OS MAPAS ESSENCIAIS À PLANIFICAÇÃO DE UM PROJETO

No artigo anterior sobre elaboração de projetos, comentei a importância da planificação para antecipar, iluminar e dar suporte à ação cultural que será desenvolvida. Apontei o trabalho de incubação como a parte preparatória do nascimento do projeto. Nela se antevê todas as fases e necessidades de seu desenvolvimento, bem como a pós-produção, que acompanha o encerramento e acumula trunfos para um futuro replanejamento.

Sugiro que a primeira etapa do trabalho de incubação se inicie pela formulação de dois mapas: o mapa do desejo e o mapa da demanda.

Tomo a ideia de “Mapa” de Rubem Alves. O filósofo-educador diz que os mapas

“são criados para marcar os caminhos, trilhas por onde caminhar no espaço abstrato do mundo. Servem para nos levar do lugar onde estamos para o lugar onde desejamos”.
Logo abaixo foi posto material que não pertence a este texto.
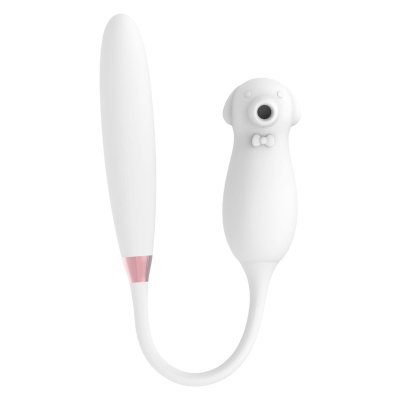 Stymulator Elva Dual Purpose – stymulacja podciśnieniem i wibracją - 1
O Mapa do Desejo – organiza nossa vontade e nossa situação presente. Ao mapear nossos desejos, experiências e conquistas, organizamos uma dimensão de nós mesmos. O sociolinguísta russo Mikhail Bakhtin define por “arquitetônica” a posição que ocupamos enquanto sujeitos, o que, no caso tratado aqui – o desenvolvimento de projetos culturais – inclui nossa capacidade e modos de formar conexões, bem como a consciência de nossos limites e carências.

O Mapa do desejo deve incluir as ideias em torno do projeto, os motivos, os objetivos já imaginados, as referências estéticas, as concepções artísticas, as experiências acumuladas, o público conquistado, os contatos e parcerias que temos, mas igualmente vislumbrar os limites e déficits que percebemos.

O Mapa da Demanda organiza aquilo que esperam de nós os editais de fomento, a sociedade, a comunidade, as circunstâncias histórico-culturais, os patrocinadores existentes ou em vista, etc. É importante desde logo perceber que as demandas podem ser explícitas, latentes ou decorrentes.

Demandas explícitas são claramente colocadas. Não sendo atendidas, podem inviabilizar a aprovação do projeto em um edital, ou afastar um parceiro essencial à realização do projeto, ou desgostar um patrocinador.

Um edital pode estar nos dizendo ser importante a formação de novos públicos, ou trocas de experiências entre agentes culturais de determinados segmentos, ou a ocupação vitalizadora de espaços urbanos abertos, etc, etc. Há demandas que parceiros nos trazem: uma escola que abriga oficinas de um projeto pode colocar a necessidade de criar atividades para alunos que são problemáticos em sala de aula e necessitam ter a concentração conquistada em atividades lúdicas. Patrocinadores podem solicitar atividade cultural especialmente para clientes, etc.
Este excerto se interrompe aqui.